Is there no accounting for excess?
HAVANA — Even the very prestigious intellectual Graziella Pogolotti, who has some serious visual disabilities, has managed to notice three recent events that made a big impact in the country.
An excellent article by her, published in the newspaper Juventud Rebelde, ended up reprinted in Granma, the daily newspaper of the Communist Party, “because of its importance” — an unusual step in our journalism.
In essence, Dr. Pogolotti mentioned the Chanel fashion show, the filming of Fast and Furious and the welcome given to the first Miami-Havana cruise ship by some dancers dressed in Cuban flags, an inadequate artistic design. She wrote about the above and added some profound considerations that even the least sophisticated reader could understand. Her topic: our Cubanness.
In a few words, Pogolotti interpreted the popular feeling, an aspect apparently forgotten by those who must make decisions, or at least react with last-minute decisions about the current events. Fact is, the dynamics in which we live forces us to make corrections on the go, an action that in no way is an excuse for foolishness or underestimation.
The Chanel show was an excessive nuisance; so was the car-chase thriller, with half of Havana immobilized and that helicopter swooping over our roofs like an Aedes mosquito on steroids.
Why hasn’t anyone deigned so far to tell us how much the organizers of the movie spectacular and the haute-couture show paid for their performance rights, to which bank account that money went, and in what it will be spent?

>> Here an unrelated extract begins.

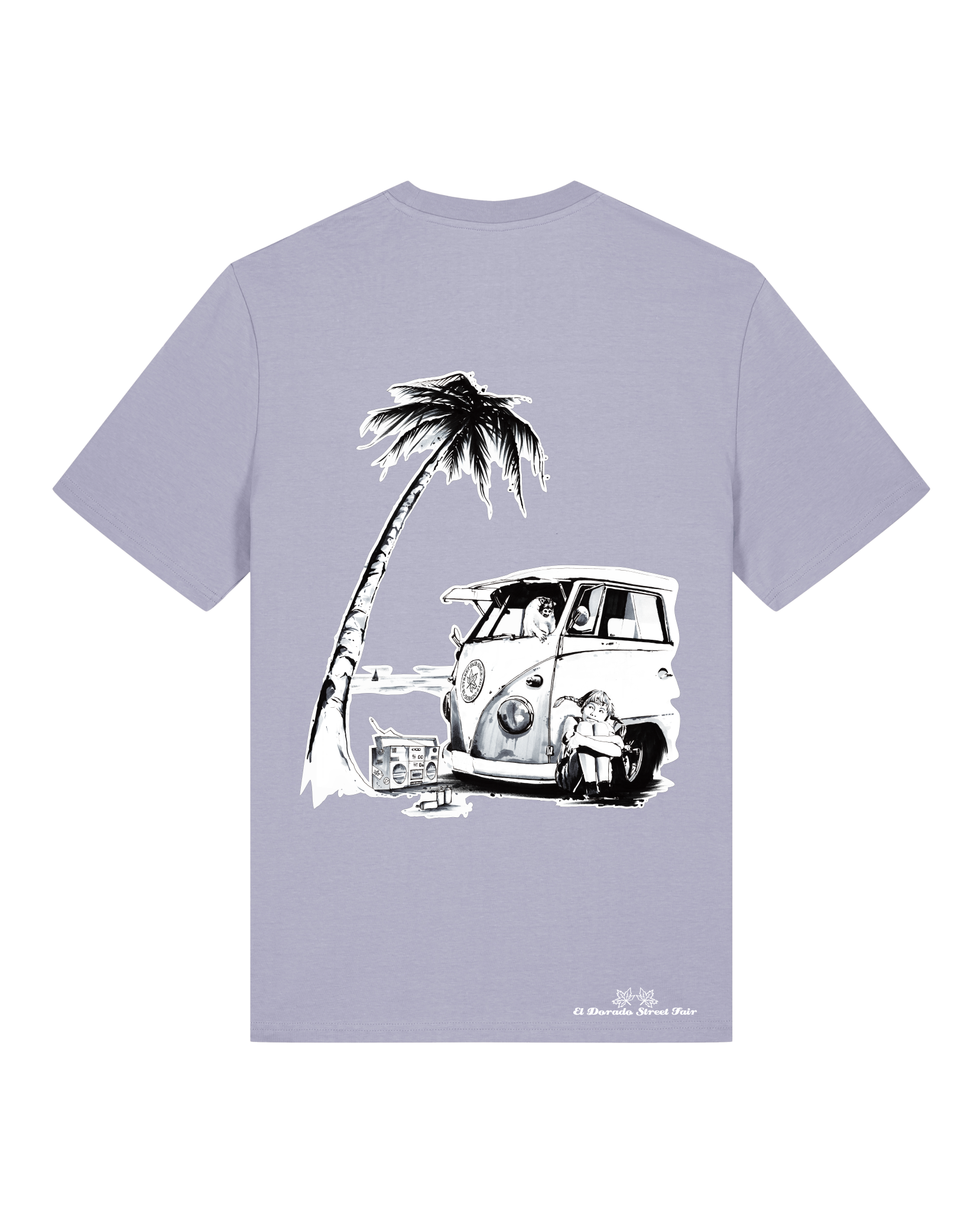 Bio Unisex Medium Fit T-Shirt Travel Free (Backprint)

As my colleague Marcos Bronstein accurately wrote in his blog Sacando el Jugo (Squeezing the Juice), so far the answer is silence. The public servants act as if they weren’t at the service of the public and weren’t obligated to account for themselves.
Accurate information might remind us of the habitual statement by psychologist and professor Manuel Calviño when he ends his TV program by saying “it’s well worth it.”

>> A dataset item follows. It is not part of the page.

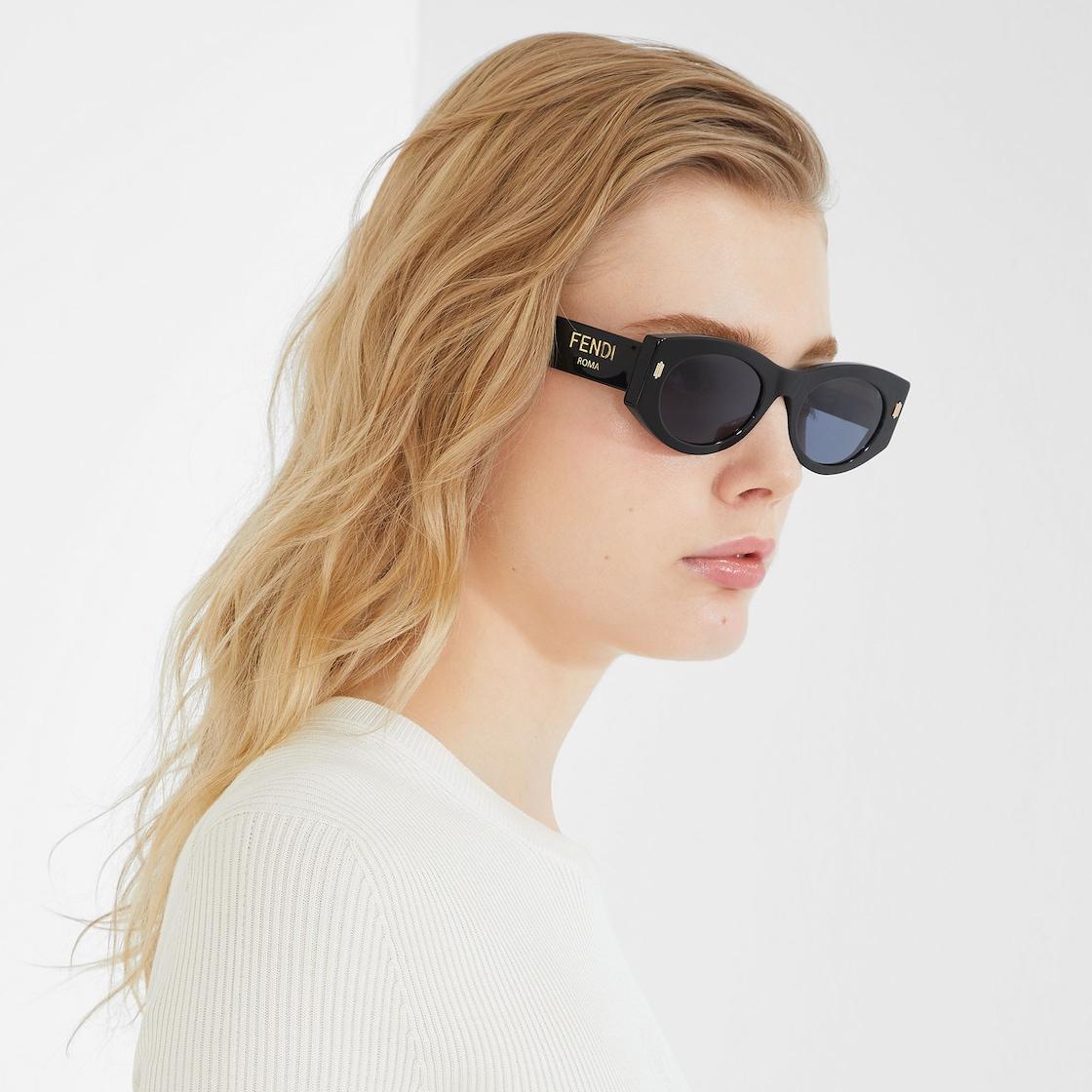 Fendi RomaBlack acetate sunglasses Product Image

A grave error in these difficult times is being incapable of palpating the feelings of the citizenry or, worse, dismissing them. The official discourse and the performance of our media outlets should not be out of step daily.
Summer is coming, a season that many street-corner meteorologists predict will be infernal. Tempers could boil. And I’m not alluding to the adversaries and enemies of the process taking place in Cuba today but to those who are convinced that Cuba must change under the flag of a better socialism — with respect for the will of the majority of its citizens.